Hearts of Darkness
So many good versions of THE TELL-TALE HEART — of course, it hasn’t really worked as a feature film (Poe is, in general, tricky to expand to 90 mins or so) — but it would seem ideally suited to short form.
Here’s Vincent Price on TV treating it as a monologue. An absolutely delicious performance, inventive and detailed, giving the lie to the “ham” allegation — there’s nothing broad or clumsy about this, either in terms of behaviour or storytelling (it’s both a reading of the story and a performance piece). It’s funny because it’s witty — hits me like a sugar rush, so many bold and outrageous choices.
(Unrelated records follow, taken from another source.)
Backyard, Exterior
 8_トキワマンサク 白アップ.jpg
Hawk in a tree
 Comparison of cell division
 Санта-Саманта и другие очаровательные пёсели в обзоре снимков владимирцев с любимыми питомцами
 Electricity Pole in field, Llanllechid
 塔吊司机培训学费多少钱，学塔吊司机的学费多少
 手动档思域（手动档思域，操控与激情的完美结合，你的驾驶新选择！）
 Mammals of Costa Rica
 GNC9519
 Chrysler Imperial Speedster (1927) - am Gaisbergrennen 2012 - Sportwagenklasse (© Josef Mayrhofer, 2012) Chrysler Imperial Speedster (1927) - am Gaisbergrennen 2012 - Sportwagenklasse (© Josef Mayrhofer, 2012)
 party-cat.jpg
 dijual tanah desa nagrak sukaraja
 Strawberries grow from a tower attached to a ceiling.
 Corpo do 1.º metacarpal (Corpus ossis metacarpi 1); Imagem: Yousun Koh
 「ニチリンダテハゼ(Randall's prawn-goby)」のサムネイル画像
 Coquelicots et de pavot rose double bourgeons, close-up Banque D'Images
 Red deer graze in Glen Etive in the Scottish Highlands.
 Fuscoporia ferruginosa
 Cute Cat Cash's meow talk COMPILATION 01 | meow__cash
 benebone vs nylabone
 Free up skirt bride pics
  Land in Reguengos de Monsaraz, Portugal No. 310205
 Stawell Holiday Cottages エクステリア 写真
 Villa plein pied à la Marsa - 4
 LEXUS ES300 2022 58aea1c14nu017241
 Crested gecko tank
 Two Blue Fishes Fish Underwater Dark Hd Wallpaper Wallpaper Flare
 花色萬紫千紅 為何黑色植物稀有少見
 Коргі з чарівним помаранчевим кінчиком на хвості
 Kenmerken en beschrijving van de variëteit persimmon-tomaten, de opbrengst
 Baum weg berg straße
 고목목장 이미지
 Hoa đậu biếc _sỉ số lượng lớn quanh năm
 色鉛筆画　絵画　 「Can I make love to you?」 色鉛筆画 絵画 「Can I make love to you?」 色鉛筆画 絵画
And it’s not a spoof of Poe, just a relishing of the delirious and absurd elements.
Now here’s Jules Dassin’s short, made at MGM, which kickstarted his career. Best viewed as an exercise in the use of rhythm, deploying performance, sound, music, editing, camera movement and composition to create a poem in visual-narrative form. A very Poe-like approach, since rhythm is central to both the prose and poetry of Poe, and he wrote often about the need for a short story to create a single, unified effect. Say what you like about the auteur theory (and I like to rubbish it occasionally), in film, the director is generally the only person in a position to co-ordinate an approach like this.
And it’s as well he does, because in terms of adaptation, the film has suffered a lot of damaging rationalisation at the hands and minds of MGM — exactly the kind of studio who would balk at Poe’s unmotivated mayhem. Remember, a lot of verbiage is devoted to the important fact, in the story, that the protagonist kills for no good reason, purely because he doesn’t like the Old Man’s “vulture eye”. The MGM rewrite adds logic and motivation and removes interest.
Leading man Joseph Schildkraut had a good career going at MGM until he remarked publicly that he saw Louis B Mayer’s lips move as he signed a contract. Suddenly he wasn’t as in-demand.
Lovely UPA animated version, narrated by James Mason, who has a very different approach from Price but is generally good — it’s more about that amazing, distinctive voice than about detail of performance, although I find no fault there. This is an early UPA (and the first cartoon to get an X Certificate in the UK) and shares with the famous GERALD MCBOING-BOING the quality of ecstatic visual invention, in which design IS storytelling and vice-versa. It’s good and dark, surpassingly beautiful, and doesn’t stint on the maelstrom of angst and confusion that is Poe-try.
“It is the beating of his hideous heart!”